### TASK PROMPT
Pictures should be left out while the data beneath this task is written out word for word.

### DATA SECTION
..............................
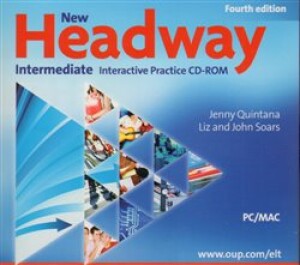 Product detail of New Headway Intermeditate the Fourth Edition - Interactive Practice ROM - Liz Soars, John Soars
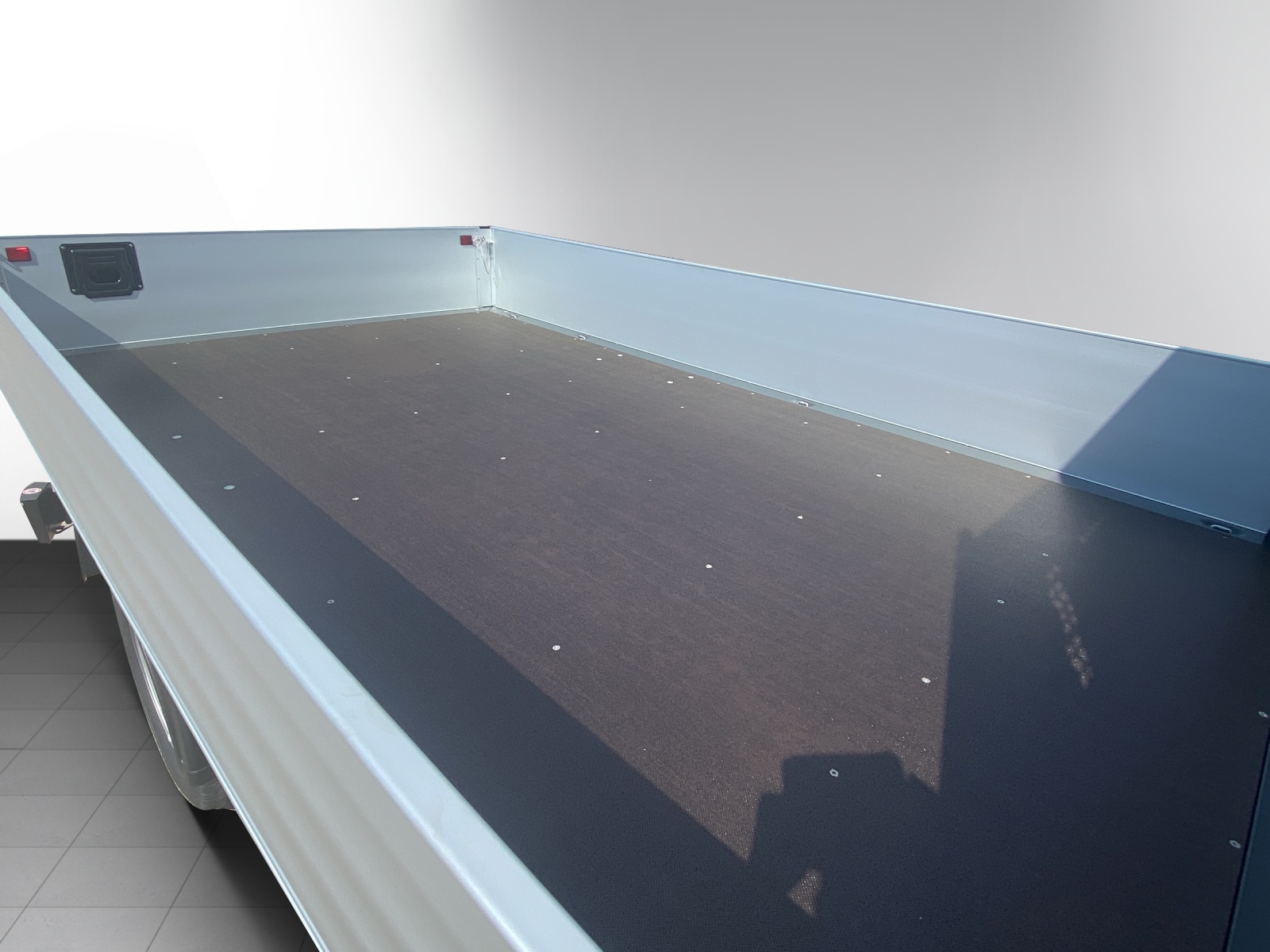 MERCEDES-BENZ Sprinter 315 CDI Standard 9G-TRONIC - 9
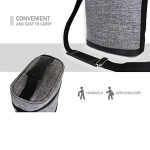 Wine Carrier Manufacturer - Premium Insulated 2 Bottle Tote Cooler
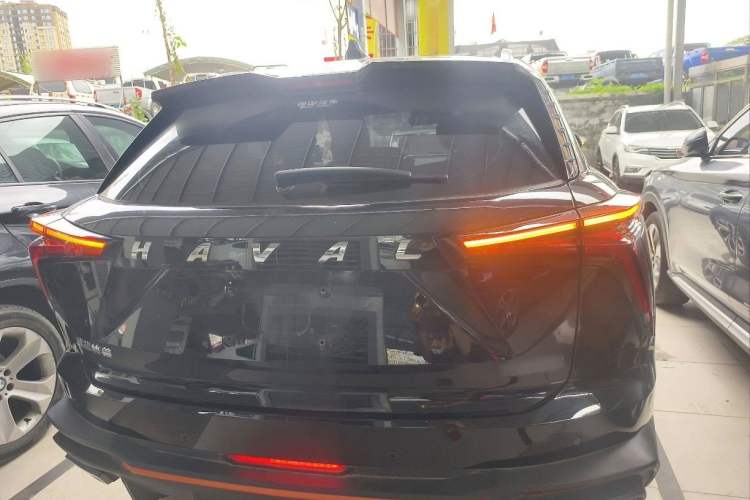 Used Haval XY 2022 1.5T Smart Edition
..............................
### SOLUTION TO THE PROBLEM
 Product detail of New Headway Intermeditate the Fourth Edition - Interactive Practice ROM - Liz Soars, John Soars
 MERCEDES-BENZ Sprinter 315 CDI Standard 9G-TRONIC - 9
 Wine Carrier Manufacturer - Premium Insulated 2 Bottle Tote Cooler
 Used Haval XY 2022 1.5T Smart Edition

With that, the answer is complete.